One of the activities that Kevin posed during the first week of the course was to make a list of the things in our life that involve games or play and see what distinguishes them. To preface, there are differences between Games and Play:
- closed, formal system, resolves itself in winners and losers (unequal outcomes)
- series of meaningful choices (think checker moves); something happens based on what you do
- problem-solving activity approached w/a playful attitude
Whereas Play= Freedom, doing whatever you want within limits
- for own sake
- exuberant energy,
- free movement w/in structured environ (think, “Magic Circle” by Huizinga),
- helps child become better
School and Testing immediately came to mind as games that students and teachers are involved in.

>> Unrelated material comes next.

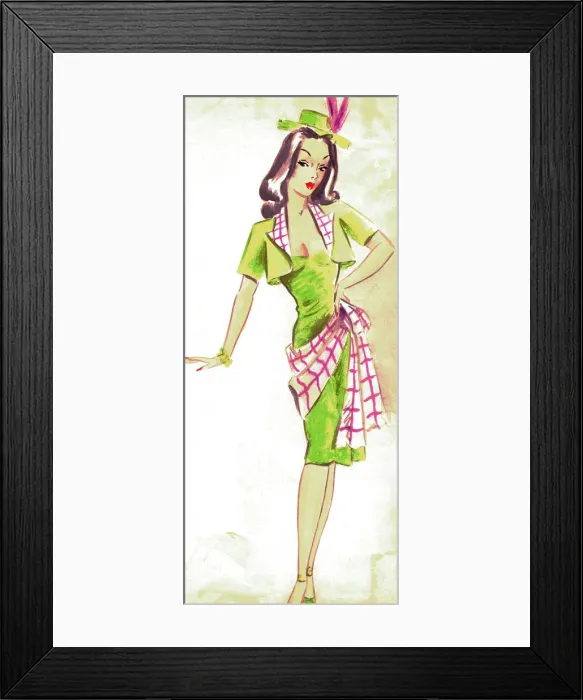 Framed Print : Anna - Murrays Cabaret Club costume design Framed Print : Anna - Murrays Cabaret Club costume design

- Schools are closed, formal systems that resolves itself in the forms of “winners”- the students that perform well and receive good grades, follow the rules; and “losers”- those that don’t
- Students make meaningful choices where something happens based on what they do (or don’t do). So, the students pay attention in class, study for the test, perform well on the test OR students don’t pay attention in class, don’t study and don’t perform well (or variations of the above). Students choose to follow the rules and stay out of trouble, or they don’t
- Students are involved in the daily problem-solving activity of doing school
Testing fits in with the definition as well. Testing is a closed, formal system that resolves itself in the form of winners (the students who perform, the teachers whose students perform and the schools whose teachers had students who perform well); and losers (the students, teachers and schools whose students do not perform well).
Here is where the definition divides: The schools make the “meaningful” choices to align the curriculum. Now the teachers will teach the students the material that they need to know in order to perform well on the test. The schools that perform well can receive the funding and the teachers will be evaluated positively because their evaluations are tied to these test scores. The students, unfortunately have no say in the matter and the teachers, though they may not agree with the mandates, are left to make the “choice”; if you can really call it that.
Unfortunately, what is often missing from the Game of School, is the Fun. The joy of learning for learning’s sake. The joy of reading for reading’s sake. The free movement within a structured environment. “Whoever Must Play, cannot play” (Mary Poppins); once someone is forced to do something, it is no longer fun. In fact, it can even de-motivate students (and teachers) from doing what they originally enjoyed.